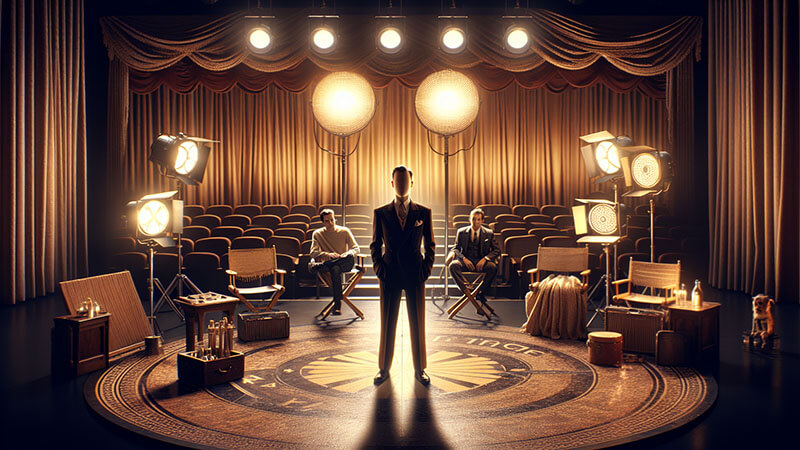 Hombre con traje de época, de pie y en contraluz en el centro de un escenario circular, con focos intensos y dos personas sentadas en sillas de director al fondo, transmitiendo calma y firmeza profesional.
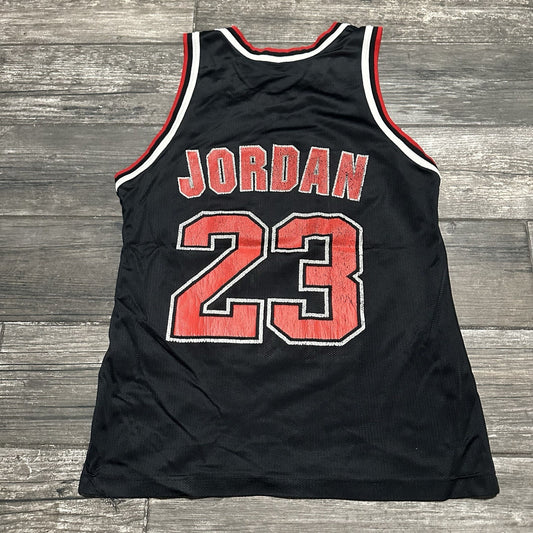 VTG CHAMPION CHICAGO BULLS MICHAEL JORDAN BLACK BASKETBALL JERSEY 40 DISTRESS Yesterday's Fits Clothing Fashion Vintage Streetwear Fashion Item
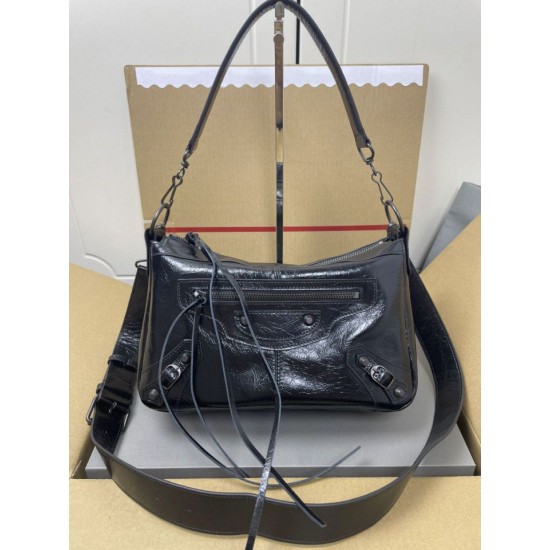 Premium Replica Balenciaga Le City classic shoulder bag black Knockoff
##############################
Exercise instructions: Reproduce the entire listing exactly, but omit any pictures.

Task solution:
 Hombre con traje de época, de pie y en contraluz en el centro de un escenario circular, con focos intensos y dos personas sentadas en sillas de director al fondo, transmitiendo calma y firmeza profesional.
 VTG CHAMPION CHICAGO BULLS MICHAEL JORDAN BLACK BASKETBALL JERSEY 40 DISTRESS Yesterday's Fits Clothing Fashion Vintage Streetwear Fashion Item
 Premium Replica Balenciaga Le City classic shoulder bag black Knockoff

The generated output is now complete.